Most of the legacy system’s export system has XML File export. If we need to perform an analysis then CSV format or XLS format works best. Then if we can convert XML file into CSV using python then this automation can save a lot of time for us. In this article, we will explore how can we convert XML file into CSV using python step by step. It will be a custom way for conversion.

 

Convert XML file into CSV using python (Steps )-

It is a two-step process. The first is default but the second is not generic. Lets deep dive into them.

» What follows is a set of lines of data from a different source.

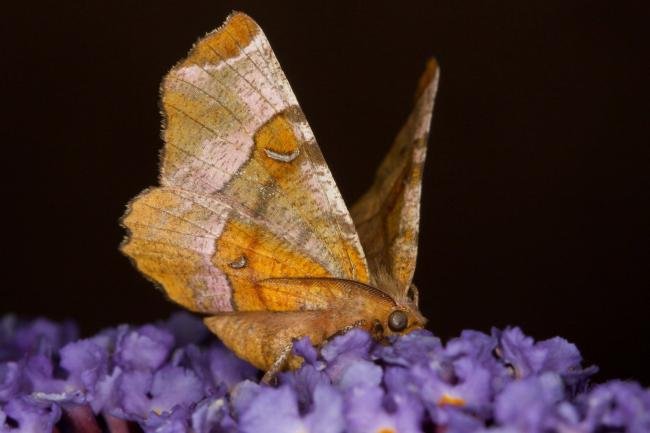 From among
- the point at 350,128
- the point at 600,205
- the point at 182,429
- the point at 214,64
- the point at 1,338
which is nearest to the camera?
the point at 182,429

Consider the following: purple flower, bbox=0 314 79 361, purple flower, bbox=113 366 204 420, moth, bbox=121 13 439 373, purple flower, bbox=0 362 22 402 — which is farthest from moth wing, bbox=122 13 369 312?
purple flower, bbox=0 314 79 361

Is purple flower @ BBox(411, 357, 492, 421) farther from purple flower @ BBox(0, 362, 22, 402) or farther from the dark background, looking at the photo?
the dark background

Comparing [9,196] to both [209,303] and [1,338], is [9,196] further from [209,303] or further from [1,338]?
[209,303]

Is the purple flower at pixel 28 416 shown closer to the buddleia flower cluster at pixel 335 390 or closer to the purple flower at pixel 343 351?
the buddleia flower cluster at pixel 335 390

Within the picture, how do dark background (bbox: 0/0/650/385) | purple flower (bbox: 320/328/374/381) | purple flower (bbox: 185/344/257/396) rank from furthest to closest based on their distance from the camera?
dark background (bbox: 0/0/650/385), purple flower (bbox: 185/344/257/396), purple flower (bbox: 320/328/374/381)

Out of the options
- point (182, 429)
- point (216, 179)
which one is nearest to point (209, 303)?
point (216, 179)

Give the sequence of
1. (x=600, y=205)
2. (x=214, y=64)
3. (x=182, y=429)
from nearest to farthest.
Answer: (x=182, y=429), (x=214, y=64), (x=600, y=205)

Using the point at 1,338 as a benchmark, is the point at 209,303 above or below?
above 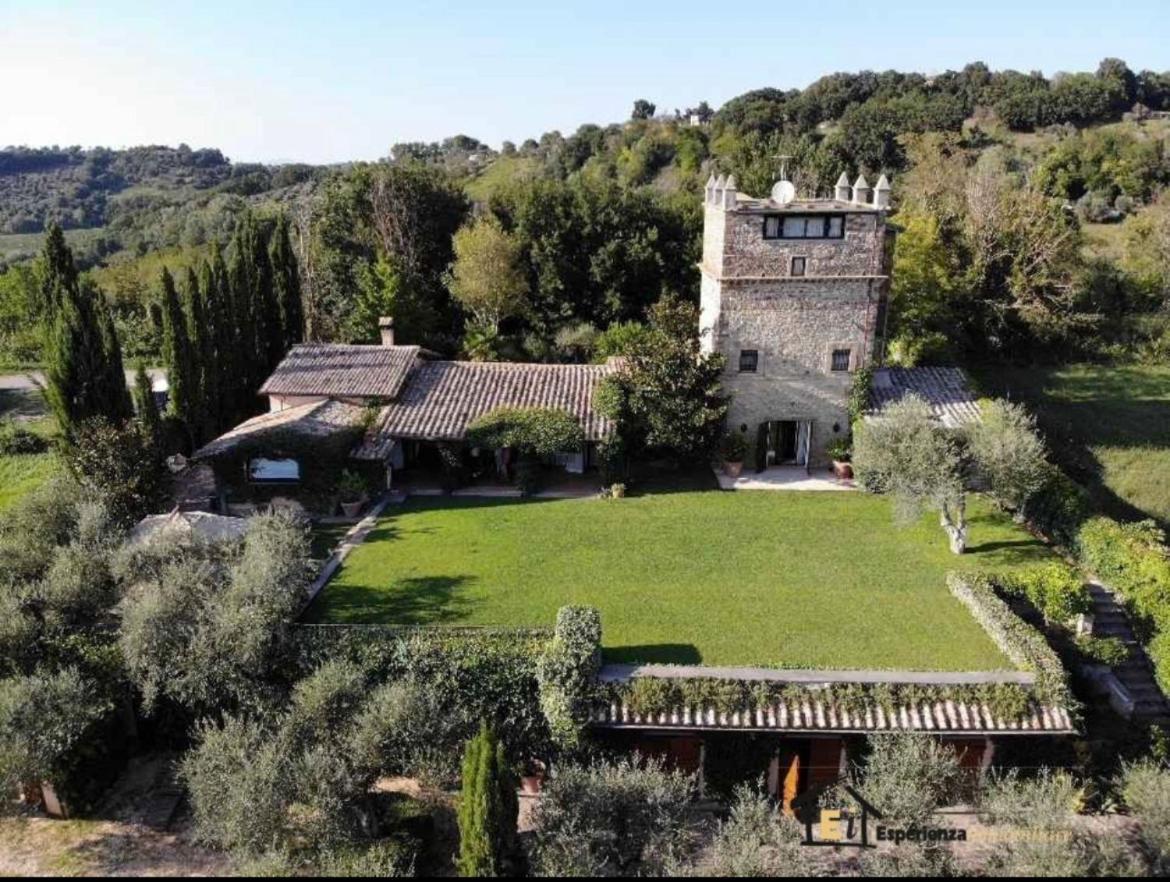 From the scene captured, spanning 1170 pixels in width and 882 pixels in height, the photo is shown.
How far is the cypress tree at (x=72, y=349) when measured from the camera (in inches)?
977

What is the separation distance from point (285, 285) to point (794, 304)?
21.7m

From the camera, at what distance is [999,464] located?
21547 mm

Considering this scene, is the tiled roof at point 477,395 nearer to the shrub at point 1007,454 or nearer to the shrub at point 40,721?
the shrub at point 1007,454

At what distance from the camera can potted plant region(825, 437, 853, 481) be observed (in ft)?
88.3

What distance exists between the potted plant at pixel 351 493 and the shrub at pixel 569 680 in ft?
35.8

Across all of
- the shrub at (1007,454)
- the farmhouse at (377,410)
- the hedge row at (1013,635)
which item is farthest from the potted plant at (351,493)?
the shrub at (1007,454)

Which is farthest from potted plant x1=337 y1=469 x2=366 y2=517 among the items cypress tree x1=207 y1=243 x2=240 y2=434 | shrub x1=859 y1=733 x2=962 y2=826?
shrub x1=859 y1=733 x2=962 y2=826

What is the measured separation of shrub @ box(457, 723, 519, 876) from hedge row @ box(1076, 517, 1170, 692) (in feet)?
47.6

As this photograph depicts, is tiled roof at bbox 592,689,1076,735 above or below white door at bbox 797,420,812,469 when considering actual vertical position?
below

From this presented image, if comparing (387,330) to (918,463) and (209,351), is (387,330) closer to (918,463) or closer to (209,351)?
(209,351)

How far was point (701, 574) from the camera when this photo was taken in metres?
20.9

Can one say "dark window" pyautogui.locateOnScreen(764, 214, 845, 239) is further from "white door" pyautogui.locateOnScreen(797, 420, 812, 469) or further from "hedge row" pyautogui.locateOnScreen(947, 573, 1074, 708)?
"hedge row" pyautogui.locateOnScreen(947, 573, 1074, 708)

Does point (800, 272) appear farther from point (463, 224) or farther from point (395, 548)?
point (463, 224)

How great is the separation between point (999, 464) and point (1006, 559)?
96.0 inches
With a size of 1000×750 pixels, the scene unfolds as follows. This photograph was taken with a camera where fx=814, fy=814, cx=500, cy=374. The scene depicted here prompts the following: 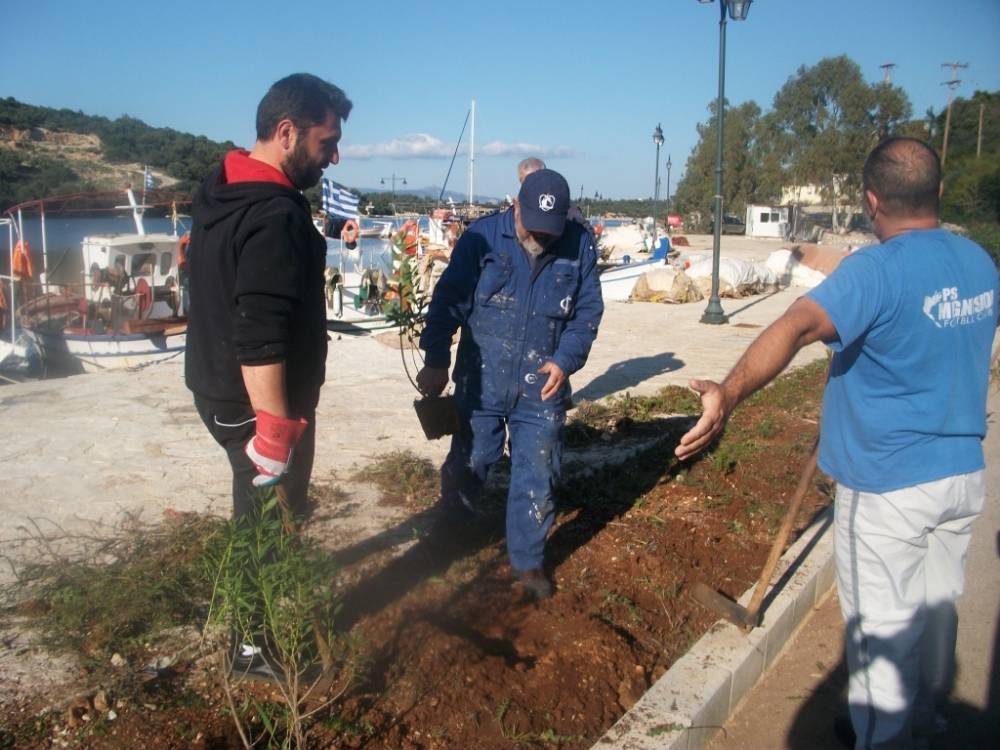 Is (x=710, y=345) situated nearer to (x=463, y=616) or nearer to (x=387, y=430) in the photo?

Step 1 : Convert XML file to Python Dict –

To convert XML files into Python dict we can leverage third-party library

!pip install xmltodict

Use the below code to read the XML file into Python dict.

import xmltodict
with open("sample.xml") as xml_file:
    data_dict = xmltodict.parse(xml_file.read())
sample file XML
sample file XML

Step 2: Convert Python Dict to CSV File –

It is not very difficult to convert dict to CSV but it will vary because of datapoint. So we will take this step in two sub-steps.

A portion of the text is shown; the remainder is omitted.